このままここに長居すれば湿気ってしまうかもしれない。そう思うのにミルク味クッキーは冷たい地面に片膝をついたまま、腕に抱きとめた黒がうっすら白く染まりつつあるのを、じっと見つめていた。
「――ダークチョコクッキー様」
ぽつりと口からこぼれ落ちたのは、かつての憧れのクッキーの名前で、今まさに腕の中にいるクッキーのものでもあった。初めて彼と出会ったのはミルク味クッキーの故郷で――そういえば白いミルクが立ち込めるあの村ではチョコレート色の生地も、所々白が混ざった黒い長髪も、よく映えていたと思い返す。あの日、目に焼きつけた憧れの大きな背中は今はただ弱々しく、ミルク味クッキーが支えていなければ力なく冷たい地面に崩れ落ちてしまいそうだった。
力を込めすぎてしまわないよう注意を払いながら、ダークチョコクッキーを抱え直す。すると、閉じたままだった目が片方だけ薄く開かれた。
「……え、は」
「!」
小さなその声を決して聞き逃すまいと、ミルク味クッキーは耳を寄せた。
顔の向きを少し変えた拍子に視界の端に剣が、いや、正確には剣だった残骸が映り込む。イチゴジャムマジックソード――ダークチョコクッキーを狂わせたその忌々しい存在は、無惨にも刀身のほとんどが砕け散り、禍々しい闇の気配は感じられなくなっていた。そしてそれは、持ち主だったクッキーも同じだ。
「お前は、本当に……立派に、なったな」
途切れ途切れに言葉を紡ぐダークチョコクッキーの右手が、ゆっくりとミルク味クッキーに伸ばされる。頬を掠める手は、ほんの少し前まで殺気を孕んだ剣を振るっていたものと同じだとは信じられないくらい、優しい。
「私の方は……約束を果たせなかったが」
目を閉じ口元を緩めたダークチョコクッキーは、おそらく笑ったのだろう。だが泣き出してしまうのではないかと思うほど弱々しく感じた。いや、違う。泣きそうになっているのは自分の方だと、ミルク味クッキーは頭を振る。
「僕だって……あなたを、救えなかった」
こらえようとしたが駄目だった。溢れ出した涙は、頬にあるダークチョコクッキーの手まで伝ってしまっただろう。

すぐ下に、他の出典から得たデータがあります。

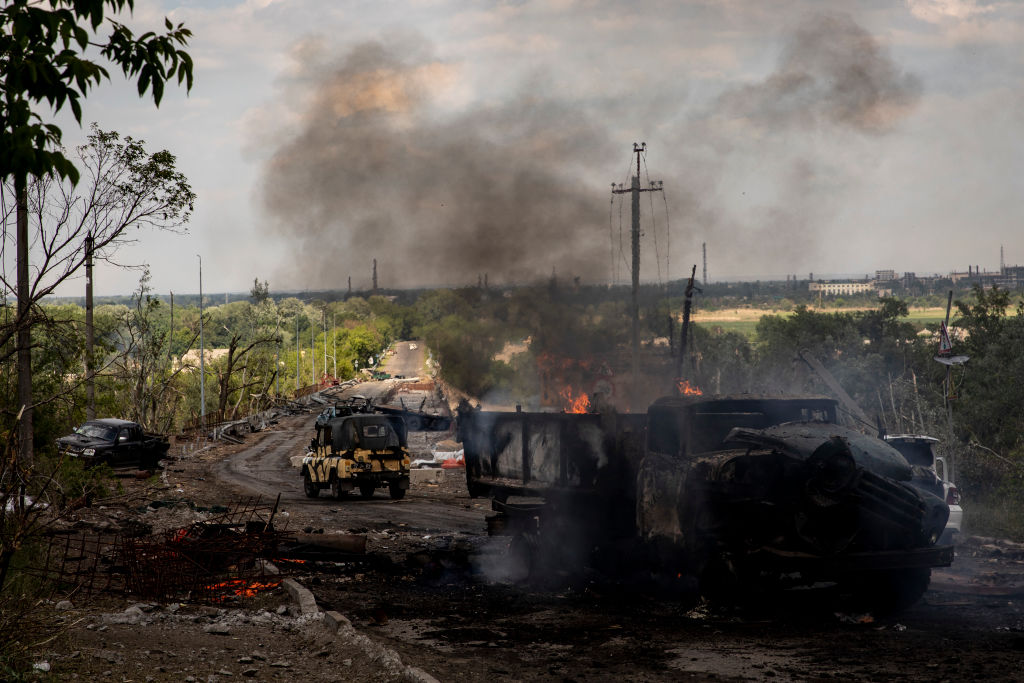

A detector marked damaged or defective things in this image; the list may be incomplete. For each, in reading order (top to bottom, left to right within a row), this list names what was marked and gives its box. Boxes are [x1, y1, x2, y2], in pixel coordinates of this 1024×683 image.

destroyed truck [304, 412, 412, 502]
destroyed truck [460, 396, 956, 608]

「僕は何よりも、あなたの助けになりたかったのに……っ」
ぎゅっと目を瞑る。泣いたって、今更どうにもならない。分かっているのに、涙は止まってくれなかった。なんて情けない、そう思えば思うほど涙は次々と溢れ出し、こぼれ落ちていく。
「ミルク味クッキー」
ダークチョコクッキーの手が目尻の方に移動する。止まらない涙を拭おうとしてくれているのだろうか。目を開くと、赤い目がしっかりミルク味クッキーを見据えている。その眼差しは、まるで初めて出会った頃のようにまっすぐだった。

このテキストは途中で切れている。